Riding in winter with proper clothing is also fun but grime left on the bike afterwards might make you think about locking it in a cellar until spring. In this article, you’ll find some useful tips that will help you get over muddy water without getting sick of bad-weather cycling.
Among your friends, you’d hardly find someone with a weakness for bike washing, however, as long as you want to ride, removing dirt from the frame and components is an essential part of the game.
Why keep the bike grime free
All the gross substances that got stuck to your frame should be removed as soon as you dismount the bike because later maintaining would be even less enjoyable. There are two crucial reasons why to get rid of the winter grime for good.
If you’ve ever watched a mountain biking race, you might have caught a glimpse of the professional downhill riders cleaning their bikes after every round. The purpose of such an effort is obvious – every gram of mud is adding to the overall weight of the bike, making it remarkably slower. However, this is not the case that should trouble you in the first place.
The muck from the road affects the way how all the tiny components work. When the grit gets in, horrible and very expensive things are about to happen. Suspension seals, bearings, and drivetrain parts are all vulnerable and will end up screeching if you don’t get the dirt off immediately. “I can hardly recommend pressure washing as the stream of high-pressure water pushes the microscopic particles of loose dirt deeper into the moving parts, contributing to them wearing out faster,” professional biker Richard Gasperotti says.
Water-in-bucket or a cleaning agent?
The most available way is to clean the bike with a detergent dissolved in a bucket of warm water. Using a small hand brush or a car sponge, scrub from the handlebars back toward the rear wheel. Particular attention should be paid to the inside of the fork and to the rear triangle where gunk accumulates most thickly. You can easily get to the tight places when removing both wheels.

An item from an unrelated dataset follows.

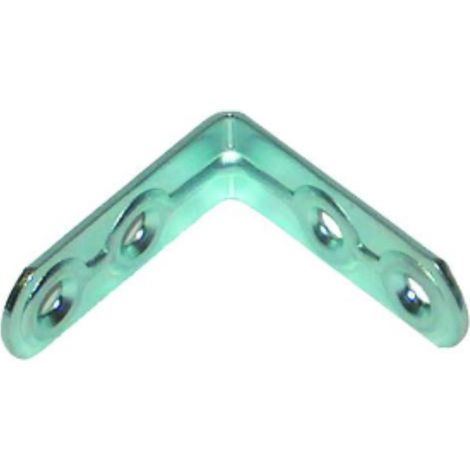 4 PEZZI - LASTRINE STONDATE ANGOLARI PERGIUNZIONE MOBILI 50x50MM - IN ACCIAIO ZINCATO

Spreading the foam over the frame and rinsing it with the sponge leads to the quite satisfying result, however, your effort could be much more effective when using some of the modern cleaners, degreasers, wet lubes, dry lubes, oils, and polishes.
“I am highly satisfied with the Cyclo Star made by Bike WorkX, which is super concentrated and capable of creating a thick foam on the surface that cuts through grime and dirt,” Richard Gasperotti adds. You just spray the cleaner over the bike and let it do the work. After a while, wash the foam away, leaving the frame beautifully polished and shiny.
It’s even possible to do the procedure just by using a plastic bottle filled with creek water. Appearance and surface of the suspension fork, rear shock, and the suspension seat post will also benefit from using the cleaning agent.
It’s highly recommended to finish your work by polishing the bike with a special agent that will ensure that the dirt won’t stick to the surface of the tubes. The idea is similar to what polishing wax can do to your car – the paint stays looking nice for much longer and the dirt will be easy to wash away. Somehow, it works as a cling foil wrapped around your bike.
Treat the drivetrain
After every cleaning, the chain should be dried by a piece of rag and lubed with oil. This way, you’ll not only prolong its life but you’ll also enjoy the smooth sound of its improved performance. There are dedicated mineral oils for bad winter weather, containing sticky Vaseline that is resistant even against nightmare conditions. Check our recent article to find out how to lube your chain correctly.
Even cleaning the bike after a long ride might be quite annoying, neglecting it would make your next ride squeaky and disturbing. In the long term, you’d expect further expenses for replacing components worn by remaining dirt hidden inside of the moving parts. Keep your bike in decent condition and enjoy the winter ride!